### MATERIALS PROVIDED
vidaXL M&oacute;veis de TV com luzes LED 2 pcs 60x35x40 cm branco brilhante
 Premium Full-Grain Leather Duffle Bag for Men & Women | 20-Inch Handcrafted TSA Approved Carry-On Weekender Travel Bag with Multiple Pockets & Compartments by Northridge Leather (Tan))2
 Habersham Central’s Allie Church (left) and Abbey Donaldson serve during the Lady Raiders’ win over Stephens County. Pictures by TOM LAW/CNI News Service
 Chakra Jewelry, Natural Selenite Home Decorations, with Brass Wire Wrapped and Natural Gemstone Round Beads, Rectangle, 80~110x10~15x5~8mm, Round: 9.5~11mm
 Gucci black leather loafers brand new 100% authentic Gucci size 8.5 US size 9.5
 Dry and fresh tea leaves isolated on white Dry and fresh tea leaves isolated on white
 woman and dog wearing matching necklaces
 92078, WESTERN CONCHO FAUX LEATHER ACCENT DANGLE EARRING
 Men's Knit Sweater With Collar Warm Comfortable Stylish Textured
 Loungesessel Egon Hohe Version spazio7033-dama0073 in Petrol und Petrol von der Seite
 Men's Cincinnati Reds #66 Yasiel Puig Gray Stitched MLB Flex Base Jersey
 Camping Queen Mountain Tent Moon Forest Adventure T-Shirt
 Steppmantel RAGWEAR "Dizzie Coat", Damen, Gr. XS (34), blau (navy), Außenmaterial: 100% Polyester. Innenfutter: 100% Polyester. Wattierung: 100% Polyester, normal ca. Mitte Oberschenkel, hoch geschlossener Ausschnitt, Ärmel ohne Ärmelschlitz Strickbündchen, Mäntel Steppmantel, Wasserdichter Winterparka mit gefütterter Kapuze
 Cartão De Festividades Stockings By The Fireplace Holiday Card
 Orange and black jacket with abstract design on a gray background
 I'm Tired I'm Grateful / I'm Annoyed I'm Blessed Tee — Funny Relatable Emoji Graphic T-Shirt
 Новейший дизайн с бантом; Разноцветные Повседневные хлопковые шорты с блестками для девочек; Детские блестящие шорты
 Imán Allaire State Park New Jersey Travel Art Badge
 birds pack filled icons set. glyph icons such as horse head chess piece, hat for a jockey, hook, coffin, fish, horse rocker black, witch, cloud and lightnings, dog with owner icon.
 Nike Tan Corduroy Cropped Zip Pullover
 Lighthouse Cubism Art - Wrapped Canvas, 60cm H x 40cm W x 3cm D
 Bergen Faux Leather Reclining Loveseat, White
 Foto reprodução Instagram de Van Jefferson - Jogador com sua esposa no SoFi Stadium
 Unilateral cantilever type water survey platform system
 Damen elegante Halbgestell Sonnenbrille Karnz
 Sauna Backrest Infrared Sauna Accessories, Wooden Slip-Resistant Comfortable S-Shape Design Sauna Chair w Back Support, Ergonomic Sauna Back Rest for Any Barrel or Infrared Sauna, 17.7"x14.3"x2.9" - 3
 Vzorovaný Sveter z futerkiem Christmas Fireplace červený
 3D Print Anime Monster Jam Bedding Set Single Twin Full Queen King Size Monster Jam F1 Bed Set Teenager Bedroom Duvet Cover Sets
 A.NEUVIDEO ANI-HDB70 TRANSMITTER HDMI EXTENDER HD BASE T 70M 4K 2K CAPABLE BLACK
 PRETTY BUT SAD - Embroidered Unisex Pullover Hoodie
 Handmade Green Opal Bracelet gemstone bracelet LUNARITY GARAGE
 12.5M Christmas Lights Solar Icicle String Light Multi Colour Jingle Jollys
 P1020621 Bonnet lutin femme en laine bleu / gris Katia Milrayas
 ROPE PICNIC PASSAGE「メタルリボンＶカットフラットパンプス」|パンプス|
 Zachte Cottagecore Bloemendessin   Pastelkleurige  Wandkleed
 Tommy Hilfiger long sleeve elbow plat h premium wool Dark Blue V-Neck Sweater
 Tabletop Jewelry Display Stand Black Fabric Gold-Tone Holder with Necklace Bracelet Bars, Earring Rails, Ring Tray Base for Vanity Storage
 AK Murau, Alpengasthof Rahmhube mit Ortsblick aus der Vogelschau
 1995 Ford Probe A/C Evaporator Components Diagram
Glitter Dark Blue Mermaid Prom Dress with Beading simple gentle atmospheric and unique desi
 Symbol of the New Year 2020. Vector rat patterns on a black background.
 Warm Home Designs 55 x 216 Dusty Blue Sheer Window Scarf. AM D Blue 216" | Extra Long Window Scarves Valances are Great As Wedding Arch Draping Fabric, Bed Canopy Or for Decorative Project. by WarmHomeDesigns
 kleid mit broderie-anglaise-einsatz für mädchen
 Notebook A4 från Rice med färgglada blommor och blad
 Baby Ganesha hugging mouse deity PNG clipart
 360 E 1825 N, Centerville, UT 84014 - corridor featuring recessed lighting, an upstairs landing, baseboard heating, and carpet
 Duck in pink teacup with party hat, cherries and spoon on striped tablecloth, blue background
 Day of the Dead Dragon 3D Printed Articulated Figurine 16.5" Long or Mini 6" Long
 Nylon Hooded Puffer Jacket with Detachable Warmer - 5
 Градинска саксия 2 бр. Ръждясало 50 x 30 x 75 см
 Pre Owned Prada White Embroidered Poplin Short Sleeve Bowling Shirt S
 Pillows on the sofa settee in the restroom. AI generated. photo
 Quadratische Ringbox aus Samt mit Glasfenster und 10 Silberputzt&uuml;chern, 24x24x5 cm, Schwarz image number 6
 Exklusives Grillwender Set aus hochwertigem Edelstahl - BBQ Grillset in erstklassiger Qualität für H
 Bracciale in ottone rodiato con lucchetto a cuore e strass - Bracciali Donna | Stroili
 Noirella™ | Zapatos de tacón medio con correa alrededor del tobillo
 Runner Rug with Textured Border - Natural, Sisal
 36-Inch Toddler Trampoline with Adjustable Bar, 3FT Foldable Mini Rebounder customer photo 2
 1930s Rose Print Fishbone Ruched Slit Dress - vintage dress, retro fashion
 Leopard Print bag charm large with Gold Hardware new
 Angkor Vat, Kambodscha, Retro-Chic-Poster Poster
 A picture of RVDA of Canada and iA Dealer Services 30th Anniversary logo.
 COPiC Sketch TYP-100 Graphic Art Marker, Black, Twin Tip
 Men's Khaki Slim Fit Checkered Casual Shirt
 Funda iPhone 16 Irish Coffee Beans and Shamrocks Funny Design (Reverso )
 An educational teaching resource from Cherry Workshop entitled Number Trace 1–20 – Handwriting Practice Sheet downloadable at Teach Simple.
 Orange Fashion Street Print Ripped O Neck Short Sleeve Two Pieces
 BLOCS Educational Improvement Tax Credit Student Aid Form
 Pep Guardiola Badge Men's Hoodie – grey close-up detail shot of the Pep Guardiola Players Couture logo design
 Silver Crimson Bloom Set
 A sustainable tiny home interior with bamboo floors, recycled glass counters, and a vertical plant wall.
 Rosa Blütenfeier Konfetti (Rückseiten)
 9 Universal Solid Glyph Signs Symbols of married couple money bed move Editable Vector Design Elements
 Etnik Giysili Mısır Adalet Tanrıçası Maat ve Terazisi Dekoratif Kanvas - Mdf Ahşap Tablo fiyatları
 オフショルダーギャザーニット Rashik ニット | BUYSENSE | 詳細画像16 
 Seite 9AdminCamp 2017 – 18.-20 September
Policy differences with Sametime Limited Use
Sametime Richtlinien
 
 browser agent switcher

### REQUIRED WORK
Please retype all of the data above exactly as it appears.

### ANSWER BOX
vidaXL M&oacute;veis de TV com luzes LED 2 pcs 60x35x40 cm branco brilhante
 Premium Full-Grain Leather Duffle Bag for Men & Women | 20-Inch Handcrafted TSA Approved Carry-On Weekender Travel Bag with Multiple Pockets & Compartments by Northridge Leather (Tan))2
 Habersham Central’s Allie Church (left) and Abbey Donaldson serve during the Lady Raiders’ win over Stephens County. Pictures by TOM LAW/CNI News Service
 Chakra Jewelry, Natural Selenite Home Decorations, with Brass Wire Wrapped and Natural Gemstone Round Beads, Rectangle, 80~110x10~15x5~8mm, Round: 9.5~11mm
 Gucci black leather loafers brand new 100% authentic Gucci size 8.5 US size 9.5
 Dry and fresh tea leaves isolated on white Dry and fresh tea leaves isolated on white
 woman and dog wearing matching necklaces
 92078, WESTERN CONCHO FAUX LEATHER ACCENT DANGLE EARRING
 Men's Knit Sweater With Collar Warm Comfortable Stylish Textured
 Loungesessel Egon Hohe Version spazio7033-dama0073 in Petrol und Petrol von der Seite
 Men's Cincinnati Reds #66 Yasiel Puig Gray Stitched MLB Flex Base Jersey
 Camping Queen Mountain Tent Moon Forest Adventure T-Shirt
 Steppmantel RAGWEAR "Dizzie Coat", Damen, Gr. XS (34), blau (navy), Außenmaterial: 100% Polyester. Innenfutter: 100% Polyester. Wattierung: 100% Polyester, normal ca. Mitte Oberschenkel, hoch geschlossener Ausschnitt, Ärmel ohne Ärmelschlitz Strickbündchen, Mäntel Steppmantel, Wasserdichter Winterparka mit gefütterter Kapuze
 Cartão De Festividades Stockings By The Fireplace Holiday Card
 Orange and black jacket with abstract design on a gray background
 I'm Tired I'm Grateful / I'm Annoyed I'm Blessed Tee — Funny Relatable Emoji Graphic T-Shirt
 Новейший дизайн с бантом; Разноцветные Повседневные хлопковые шорты с блестками для девочек; Детские блестящие шорты
 Imán Allaire State Park New Jersey Travel Art Badge
 birds pack filled icons set. glyph icons such as horse head chess piece, hat for a jockey, hook, coffin, fish, horse rocker black, witch, cloud and lightnings, dog with owner icon.
 Nike Tan Corduroy Cropped Zip Pullover
 Lighthouse Cubism Art - Wrapped Canvas, 60cm H x 40cm W x 3cm D
 Bergen Faux Leather Reclining Loveseat, White
 Foto reprodução Instagram de Van Jefferson - Jogador com sua esposa no SoFi Stadium
 Unilateral cantilever type water survey platform system
 Damen elegante Halbgestell Sonnenbrille Karnz
 Sauna Backrest Infrared Sauna Accessories, Wooden Slip-Resistant Comfortable S-Shape Design Sauna Chair w Back Support, Ergonomic Sauna Back Rest for Any Barrel or Infrared Sauna, 17.7"x14.3"x2.9" - 3
 Vzorovaný Sveter z futerkiem Christmas Fireplace červený
 3D Print Anime Monster Jam Bedding Set Single Twin Full Queen King Size Monster Jam F1 Bed Set Teenager Bedroom Duvet Cover Sets
 A.NEUVIDEO ANI-HDB70 TRANSMITTER HDMI EXTENDER HD BASE T 70M 4K 2K CAPABLE BLACK
 PRETTY BUT SAD - Embroidered Unisex Pullover Hoodie
 Handmade Green Opal Bracelet gemstone bracelet LUNARITY GARAGE
 12.5M Christmas Lights Solar Icicle String Light Multi Colour Jingle Jollys
 P1020621 Bonnet lutin femme en laine bleu / gris Katia Milrayas
 ROPE PICNIC PASSAGE「メタルリボンＶカットフラットパンプス」|パンプス|
 Zachte Cottagecore Bloemendessin   Pastelkleurige  Wandkleed
 Tommy Hilfiger long sleeve elbow plat h premium wool Dark Blue V-Neck Sweater
 Tabletop Jewelry Display Stand Black Fabric Gold-Tone Holder with Necklace Bracelet Bars, Earring Rails, Ring Tray Base for Vanity Storage
 AK Murau, Alpengasthof Rahmhube mit Ortsblick aus der Vogelschau
 1995 Ford Probe A/C Evaporator Components Diagram
Glitter Dark Blue Mermaid Prom Dress with Beading simple gentle atmospheric and unique desi
 Symbol of the New Year 2020. Vector rat patterns on a black background.
 Warm Home Designs 55 x 216 Dusty Blue Sheer Window Scarf. AM D Blue 216" | Extra Long Window Scarves Valances are Great As Wedding Arch Draping Fabric, Bed Canopy Or for Decorative Project. by WarmHomeDesigns
 kleid mit broderie-anglaise-einsatz für mädchen
 Notebook A4 från Rice med färgglada blommor och blad
 Baby Ganesha hugging mouse deity PNG clipart
 360 E 1825 N, Centerville, UT 84014 - corridor featuring recessed lighting, an upstairs landing, baseboard heating, and carpet
 Duck in pink teacup with party hat, cherries and spoon on striped tablecloth, blue background
 Day of the Dead Dragon 3D Printed Articulated Figurine 16.5" Long or Mini 6" Long
 Nylon Hooded Puffer Jacket with Detachable Warmer - 5
 Градинска саксия 2 бр. Ръждясало 50 x 30 x 75 см
 Pre Owned Prada White Embroidered Poplin Short Sleeve Bowling Shirt S
 Pillows on the sofa settee in the restroom. AI generated. photo
 Quadratische Ringbox aus Samt mit Glasfenster und 10 Silberputzt&uuml;chern, 24x24x5 cm, Schwarz image number 6
 Exklusives Grillwender Set aus hochwertigem Edelstahl - BBQ Grillset in erstklassiger Qualität für H
 Bracciale in ottone rodiato con lucchetto a cuore e strass - Bracciali Donna | Stroili
 Noirella™ | Zapatos de tacón medio con correa alrededor del tobillo
 Runner Rug with Textured Border - Natural, Sisal
 36-Inch Toddler Trampoline with Adjustable Bar, 3FT Foldable Mini Rebounder customer photo 2
 1930s Rose Print Fishbone Ruched Slit Dress - vintage dress, retro fashion
 Leopard Print bag charm large with Gold Hardware new
 Angkor Vat, Kambodscha, Retro-Chic-Poster Poster
 A picture of RVDA of Canada and iA Dealer Services 30th Anniversary logo.
 COPiC Sketch TYP-100 Graphic Art Marker, Black, Twin Tip
 Men's Khaki Slim Fit Checkered Casual Shirt
 Funda iPhone 16 Irish Coffee Beans and Shamrocks Funny Design (Reverso )
 An educational teaching resource from Cherry Workshop entitled Number Trace 1–20 – Handwriting Practice Sheet downloadable at Teach Simple.
 Orange Fashion Street Print Ripped O Neck Short Sleeve Two Pieces
 BLOCS Educational Improvement Tax Credit Student Aid Form
 Pep Guardiola Badge Men's Hoodie – grey close-up detail shot of the Pep Guardiola Players Couture logo design
 Silver Crimson Bloom Set
 A sustainable tiny home interior with bamboo floors, recycled glass counters, and a vertical plant wall.
 Rosa Blütenfeier Konfetti (Rückseiten)
 9 Universal Solid Glyph Signs Symbols of married couple money bed move Editable Vector Design Elements
 Etnik Giysili Mısır Adalet Tanrıçası Maat ve Terazisi Dekoratif Kanvas - Mdf Ahşap Tablo fiyatları
 オフショルダーギャザーニット Rashik ニット | BUYSENSE | 詳細画像16 
 Seite 9AdminCamp 2017 – 18.-20 September
Policy differences with Sametime Limited Use
Sametime Richtlinien
 
 browser agent switcher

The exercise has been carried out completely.